Why This is Important
Vocabulary is the child’s’ knowledge of and memory for word meanings. A strong vocabulary improves all areas of communication— listening, speaking, reading, and writing.
Goals for Strong Readers
- Learn and use new words through various activities.
- Build a large receptive vocabulary (words children understand while reading or listening).
- Enhance expressive vocabulary (words children know well enough to use in speaking and writing).
Watch a favorite movies and/or television shows with your child with a focus on listening for big words to start using at home. Add these words into your everyday conversations with your child. Example: Do you remember how in Power Rangers they morphed, and that meant they changed into superheroes? Can you morph into your school clothes?
More Activities and Games
Use the Fry Sight Word List to get a list of vocabulary words to use with the Vocabulary Hot Potato and Vocabulary Checkers activities.
Call out a new or difficult word. Play music while passing the ball or another soft toy. Stop the music and have child holding the ball give a definition or example of the new word.

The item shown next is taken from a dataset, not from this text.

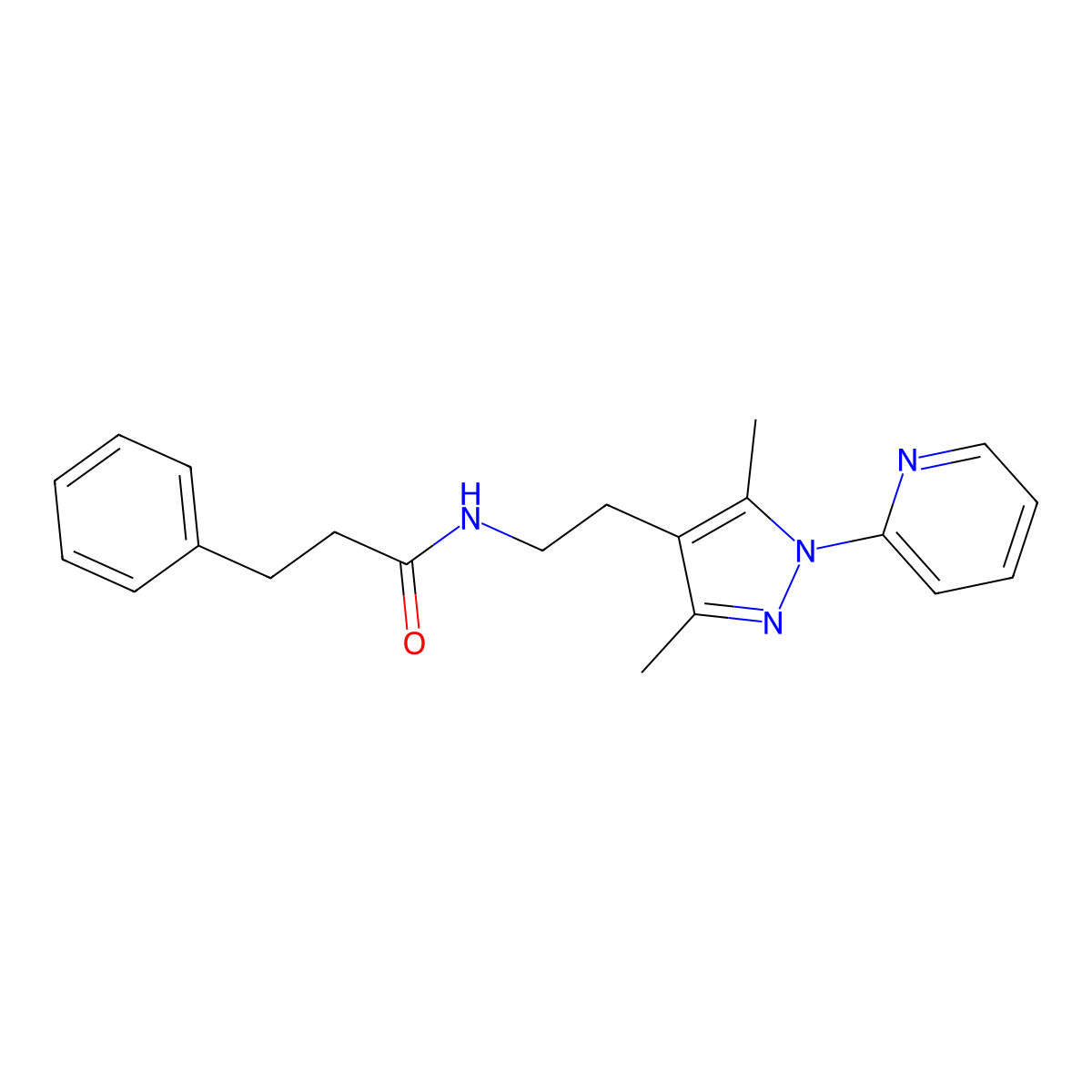 N-(2-(3,5-dimethyl-1-(pyridin-2-yl)-1H-pyrazol-4-yl)ethyl)-3-phenylpropanamide molecular structure, CAS 2034337-02-3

Write vocabulary words on sticky notes or small pieces of paper. Place the words on a checkerboard. Play checkers together. Give the definition of a word when you land on it. Use the word in a sentence to claim it.
Choose an ingredient from your kitchen cabinet or refrigerator. Brainstorm as many words as you can to describe what the item looks like, feels like, tastes like, and sounds like. Discuss recipes that use this ingredient.